My kids don’t think that I can text.
Somewhere in New Jersey, my parents just read that sentence and laughed, because they remember how many times in my youth I went over the monthly text messaging limit on our family cell phone plan.
Nevertheless, since I am somewhere between 30 and 10,000 years old, it is literally impossible that my fingers dance across a phone key pad with anywhere near the dexterity demonstrated daily by my 11- and 12-year-old students. This makes using text speak in the classroom doubly fun.
“OMG, you guys,” I might say, “You might LOL, but this is serious. We need to get to work.”
“MS. B!” they exclaim, “YOU CAN TEXT?”
“You bet,” I respond, “should I take a picture of what you’re doing right now and text it to your mom?”
“NO NO NO NO,” and they scurry away to pretend to work, for at least 15 seconds of teacher bliss.
All of this said, my children would be shocked to discover that I have spent at least an hour of my Saturday night exchanging texts with the other sixth grade Communication Arts teacher, my ever faithful mentor teacher.
What do we plan to do when the state visits this week? [Give a pre-test, it's lit circle time.]
Why am I so anxious about this particular Monday morning? [Post-test silliness is getting out of hand.]
What do we need to do to survive 5 more weeks of breakfast duty? [Be more positive.
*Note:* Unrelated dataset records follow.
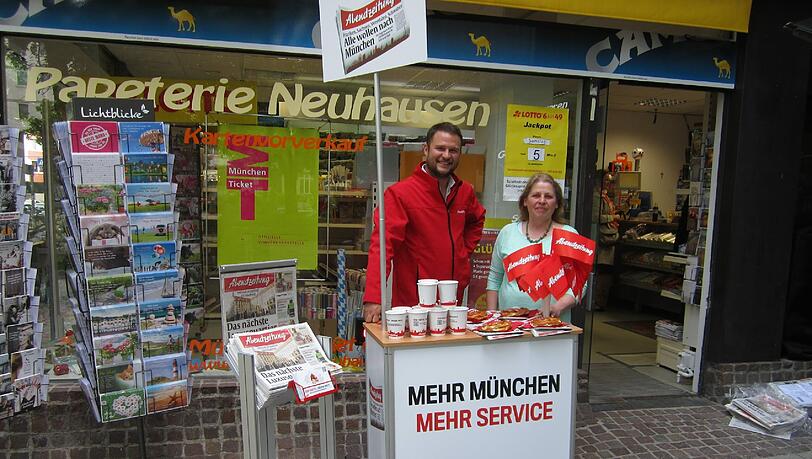Besitzerin Taghavinia Soheela Lara mit AZ-Mitarbeiter Xaver Rattenhuber.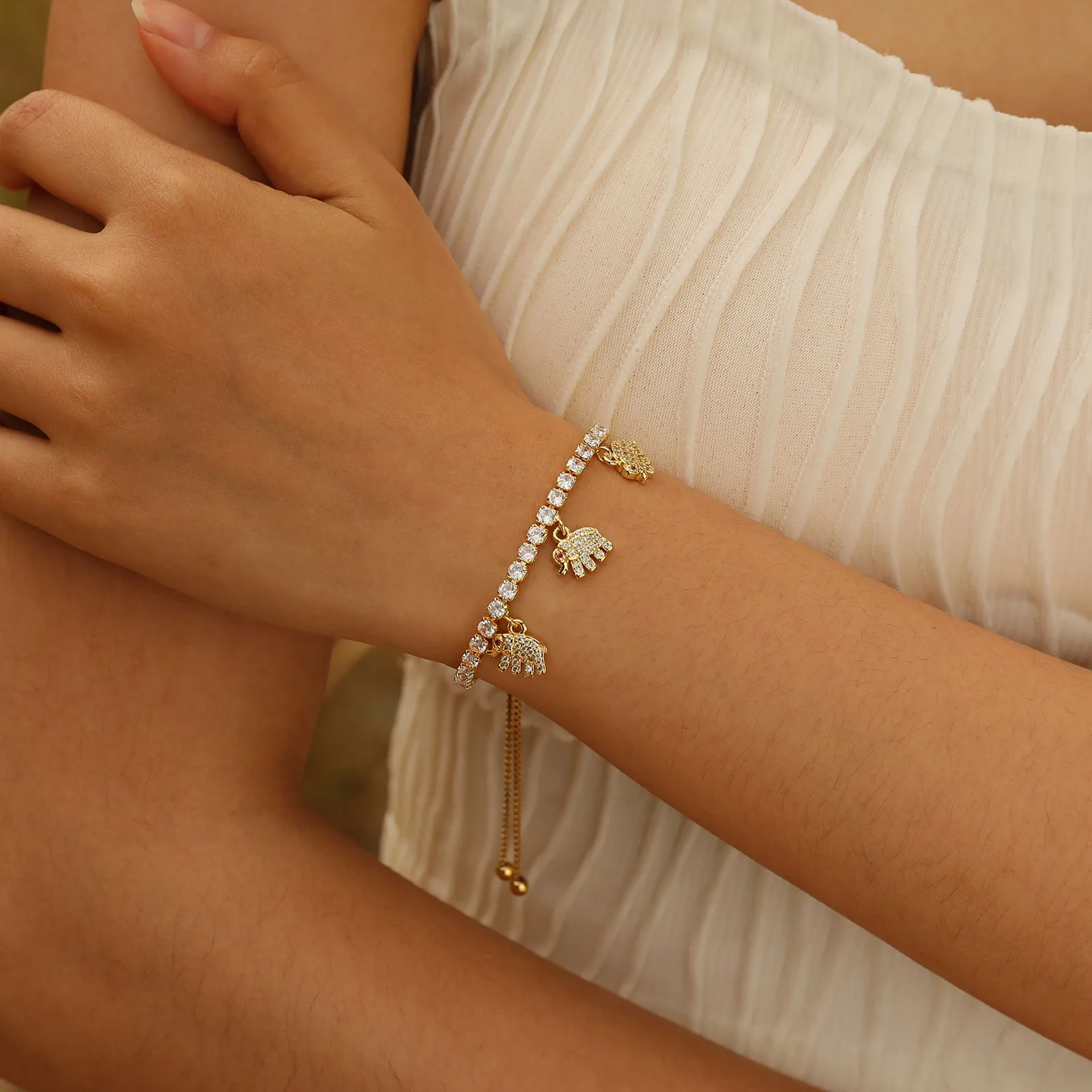 Copper 18K Gold Plated Cute Beach Shiny Inlay Animal Heart Shape Flower Zircon Bracelets display picture 7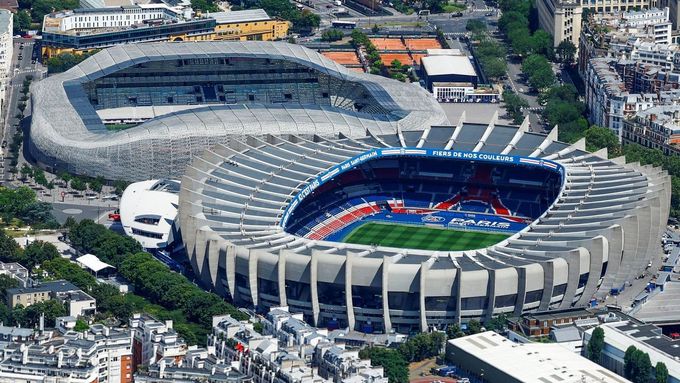 Dva stadiony, na nichž budou hrát příští sezonu zápasy v Ligue 1 rivalské kluby FC Paříž (vlevo) a Paris St. Germain...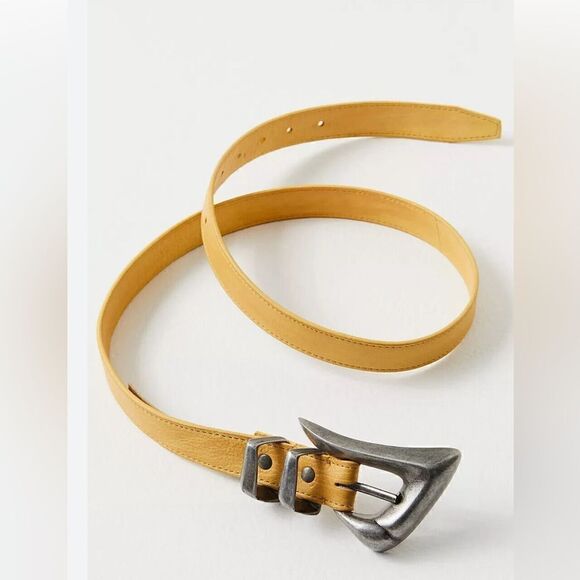 Free People Billie leather belt in honey yellow. S/M. New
And I need to stop, "doing too much."]
And all of this is accompanied by the occasional, dare I confess, whirlwind of “abbrevs” and emoticons.
While carrying on this business-like text conversation, I am also logged into Facebook, listening to something on YouTube in the background, and typing away on gchat.
In theory, I’m also prepping lit circles for tomorrow and writing this blog post.
Never let anyone downplay the beauty of multi-tasking, it’s a symphony in motion. Somewhere, north of the city, I can hear my students’ minds exploding with this mental image of their decrepit, Comm. Arts teacher engaged in such levels of technology.
All of this is to say that we as teachers are more complicated beings than our students ever see, know, or acknowledge. Which makes me think that my kids are probably more complicated than I can or will ever realize.
Which, sadly, means that there is no quick and simple magic wand that I can wave to make the next five weeks go smoothly. The complicated minds of the pre-adolescents will be spinning faster and faster, and until 1:05 PM on May 25th, I will still be running circles in order to keep up.